If your employers want to speak to your references, they’ll ask you. Also, it’s better if you have a chance to tell your references ahead of time that a future employer might be calling.
If you write “references upon request” at the bottom of your CV, you’re merely wasting a valuable line, career coach Eli Amdur says.
9. Inconsistent formatting
The format of your CV is just as important as its content. Use the format that will make it easiest for the hiring manager to scan your CV and still be able to pick out your key qualifications and career goals.
Once you pick a format, stick with it. If you write the day, month, and year for one date, then use that same format throughout the rest of the CV.

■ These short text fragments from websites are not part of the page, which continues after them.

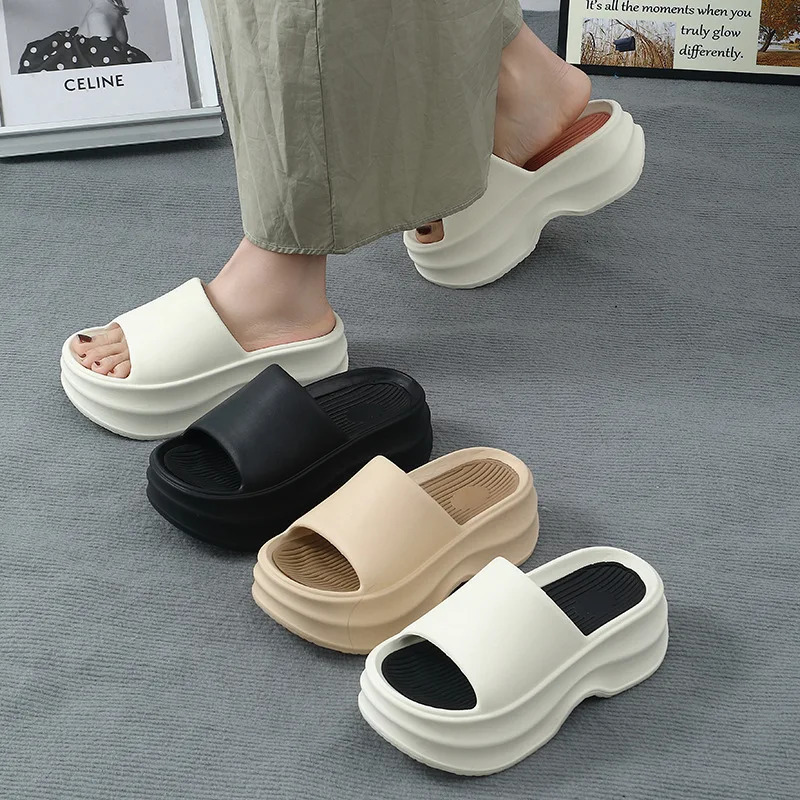 Eyriphy Thick Bottom Slippers Women Outdoor Beach Sandals Fashion Bathroom Slides Female Open Toe Slippers Cozy Soft Sole Shoes 250605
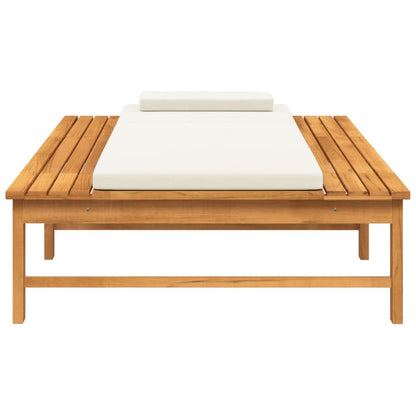 VIDAXL Chaise Longue Coussin/oreiller Blanc Crème Bois Massif Acacia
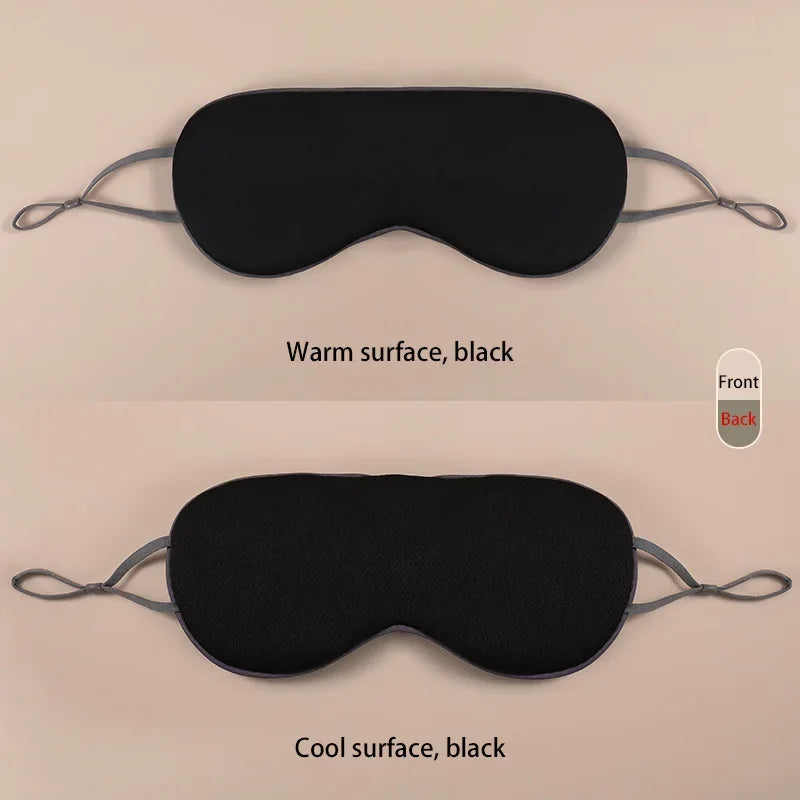 Korean Ice Silk Sleep Mask – Warm & Cool, Light Blocking Sleep Eye Mask SPOT Black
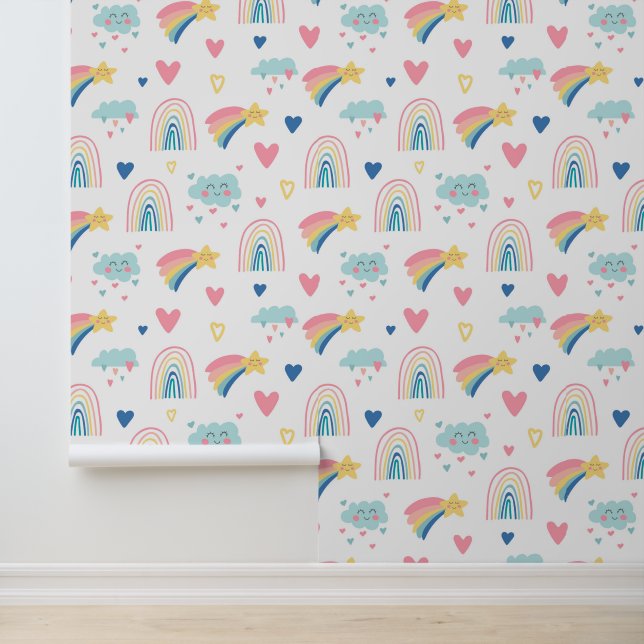 Niedliches Regenbogenmuster Tapete (Anwendung)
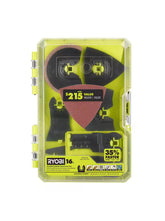 RYOBI 16-piece blade set packaging highlights versatile, adapter-free compatibility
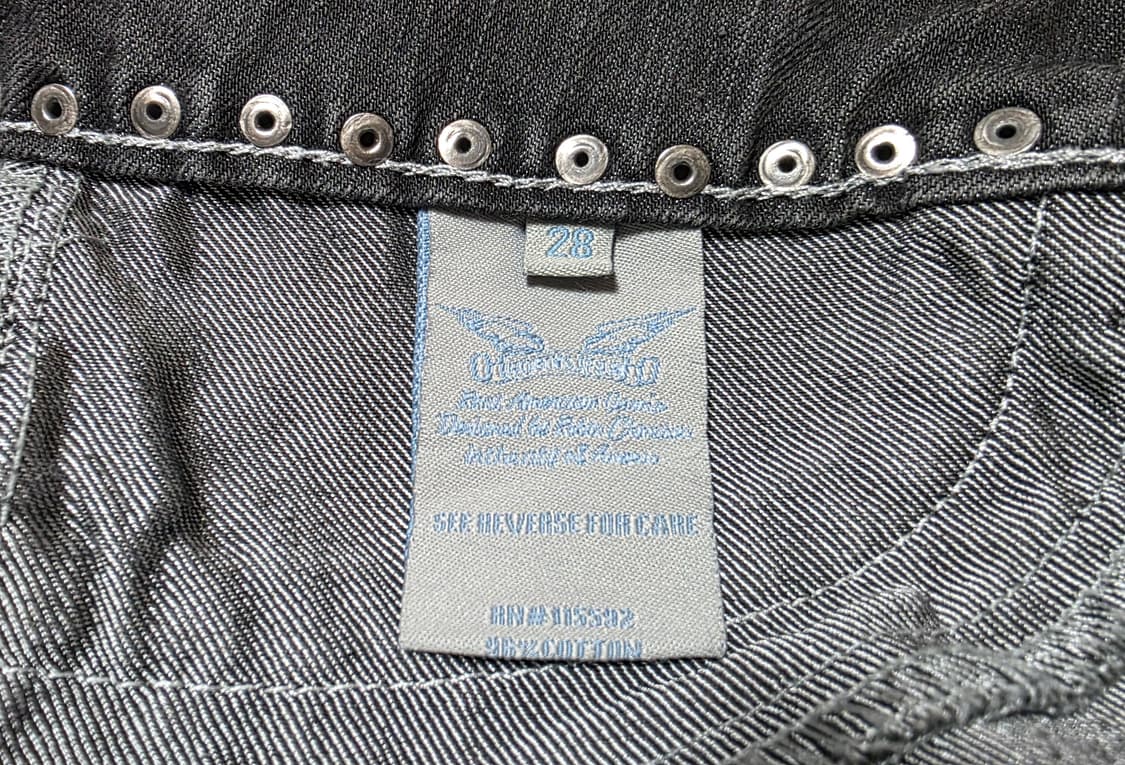 [S급/희귀] 로빈스진 실버 윙 스터드 로우라이즈 데님 (은사 자수) 상품이미지9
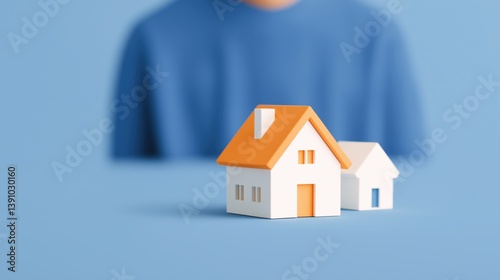 Obraz na płótnie Miniature model houses placed on a table in front of a person wearing a blue shirt, symbolizing real estate and home ownership, 3d illustration. w salonie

10. Present tense for a past job
Never describe past work experience using the present tense. Only your current job should be written in the present tense.
11. A less-than-professional email address
If you still use an old email address, like BeerLover000@gmail.com or CuteGirl4life@yahoo.com, it’s time to pick a new one.
It only takes a minute or two, and it’s free.
12. Your current business-contact info
“This is not only dangerous; it’s stupid. Do you really want employers calling you at work? How are you going to handle that? Oh, and by the way, your current employer can monitor your emails and phone calls. So if you’re not in the mood to get fired, or potentially charged with theft of services (really), then leave the business info off.”
13. Your boss’ name
Don’t include your boss’ name on your CV unless you’re OK with your potential employer contacting him or her.
14. Social-media URLs that are not related to the targeted position
Links to your opinionated blogs, Pinterest page, or Instagram account have no business taking up prime CV real estate. “Candidates who tend to think their personal social media sites are valuable are putting themselves at risk of landing in the ‘no’ pile.
“But you should list relevant URLs, such as your LinkedIn page or any others that are professional and directly related to the position you are trying to acquire,” she says.
15. Salary information
“Some people include past hourly rates for jobs they held in the university,”. This information is completely unnecessary and may send the wrong message.
Your CV is intended to showcase your professional experience and skills. Salary comes later in the interview process.
16. Reasons you left a company or position
Candidates often think, “If I explain why I left the position on my CV, maybe my chances will improve.”
“Listing why you left is irrelevant on your CV. It’s not the time or place to bring up transitions from one company to the next.”
Use your interview to address this.
17. Your grades
Once you’re out of school, your grades aren’t so relevant
If they were particularly high, it’s OK to leave it. But, if you’re more than three years out of school, or if your grades weren’t outstanding, ditch it.
18. A photo of yourself
This may become the norm at some point in the future, but it’s just weird — and tacky and distracting — for now.
19. Short-term employment
Avoid including a job on your CV if you only held the position for a short period of time. You should especially avoid including jobs you were let go from or didn’t like.
- Avoid giving personal information on your CV
Job seekers tend to include information about their marital status, kids, employment details of spouse/father, religion.
This kind of information creates impressions about you that you have no control over. Suppose a company is not keen to hire a person who is married, why take the chance of getting rejected without a fair chance? Personal data is not compulsory to show. People are keen to know what you can contribute to their organization. So stick to showing your expertise rather than your personal life.
And never mention your religion on your CV. This is often a ground for prejudice and getting rejected.